Il romanzo è, in poche parole, un’unione equilibrata di incontri e confronti tra i protagonisti; tolto l’incontro e l’epilogo, la parte centrale è densa di dialoghi, parole e sentimenti; una storia adatta a tutti ma consigliata a chi ha desiderio e voglia di confrontarsi con fiumi di dialoghi, confessioni e smentite.

Due persone che sono consapevoli di essere se stesse solamente con l’altro, capaci di aprirsi e confessarsi ma timorose di lasciarsi andare.

Il lettore attende fiducioso, consapevole che, da qualche parte, il meccanismo dell’amore ha irrimediabilmente causato un cambio di rotta.

L’autore ci presenta una storia senza tempo né barriere, un successo arrivato tardi immeritatamente, una confessione, quasi personale, dove Sabahttin Ali ha voluto forse parlare anche di se stesso.

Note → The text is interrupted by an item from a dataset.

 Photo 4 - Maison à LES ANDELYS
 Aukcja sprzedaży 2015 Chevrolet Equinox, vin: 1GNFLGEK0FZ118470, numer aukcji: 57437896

Un romanzo da gustare, scoprire e apprezzare, così come il suo sfortunato autore.


Sabahattin Ali


Autore di romanzi, raccolte di racconti, poesie e articoli a sfondo politico, è stato uno dei massimi esponenti della letteratura turca del Novecento. Comunista convinto, nei primi anni della Repubblica di Turchia fu incarcerato più volte. Morì a 41 anni, ucciso al confine con la Bulgaria mentre cercava di attraversarlo per fuggire in Europa. Quando si sparse la notizia, un quotidiano nazionale pubblicò una foto degli effetti personali di Ali: la sua ventiquattrore, i suoi occhiali e il binocolo, una fotografia di sua moglie e una copia di Eugenio Onegin. Questi oggetti non furono mai restituiti alla famiglia.